Scleroderma or sclerosis is a rare autoimmune disease that affects the skin characterized by a tightening and thickening of the cells. The activation of immune cells results in the production of scar tissue in skin, small blood vessels and internal organs (Merkel, 2008). For some forms of the disease, scleroderma is not yet curable. There are two types: localized scleroderma, which manifests skin lesions, and systemic scleroderma, which can potentially lead damage to internal organs. Changes in scleroderma are due to increased and accumulated collagen, extending from the skin to other internal organs.
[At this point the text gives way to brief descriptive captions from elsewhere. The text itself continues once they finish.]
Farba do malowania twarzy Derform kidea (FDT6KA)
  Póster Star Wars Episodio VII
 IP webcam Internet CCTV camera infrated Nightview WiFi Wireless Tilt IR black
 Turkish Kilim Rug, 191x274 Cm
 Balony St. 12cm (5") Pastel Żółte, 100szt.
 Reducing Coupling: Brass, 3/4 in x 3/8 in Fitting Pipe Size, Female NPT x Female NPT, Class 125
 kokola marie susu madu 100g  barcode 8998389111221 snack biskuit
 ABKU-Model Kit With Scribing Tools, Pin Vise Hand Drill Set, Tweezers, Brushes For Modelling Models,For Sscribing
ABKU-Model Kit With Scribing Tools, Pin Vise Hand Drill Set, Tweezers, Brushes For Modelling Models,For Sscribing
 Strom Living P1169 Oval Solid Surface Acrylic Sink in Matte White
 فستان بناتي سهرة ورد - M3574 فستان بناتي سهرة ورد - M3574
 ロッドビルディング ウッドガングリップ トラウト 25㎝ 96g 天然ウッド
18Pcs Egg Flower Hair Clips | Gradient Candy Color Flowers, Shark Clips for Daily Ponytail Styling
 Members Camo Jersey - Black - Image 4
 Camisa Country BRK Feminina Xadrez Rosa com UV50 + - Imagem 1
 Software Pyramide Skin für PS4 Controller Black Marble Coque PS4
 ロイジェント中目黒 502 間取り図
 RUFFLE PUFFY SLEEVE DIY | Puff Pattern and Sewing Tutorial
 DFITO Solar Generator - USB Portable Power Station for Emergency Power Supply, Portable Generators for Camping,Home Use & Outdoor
It is still unclear what causes scleroderma, although it is known that it is not infectious and is not inherited from parent to child. Exposure to toxins and some environmental agents is believed to cause the disease but this has to be proven. It is also known that there is tissue damage, inflammation and skin swelling. Blood vessels are also damaged which can cause poor blood flow, gangrene and ulcers. All these result in scarring, and could be life threatening.
Diagnosis of scleroderma is based on physical and clinical examinations. Aside from thickening of the skin, blood vessels may be dilated in the face, and other parts of the body. Calcium deposits can also be found in skin and other organs. Laboratory tests for auto-antibodies are also used, but results may not be conclusive.
Mixed connective tissue disease
The mixed connective-tissue disease (MCTD) features the existence and overlapping of various connective-tissue diseases such as systemic lupus erythematosus, sclerosis, polymyositis and, occasionally, Sjögren syndrome. MTCD is usually milder than the other diseases and is usually considered and intermediate stage progressing to either systemic lupus erythematosus or scleroderma.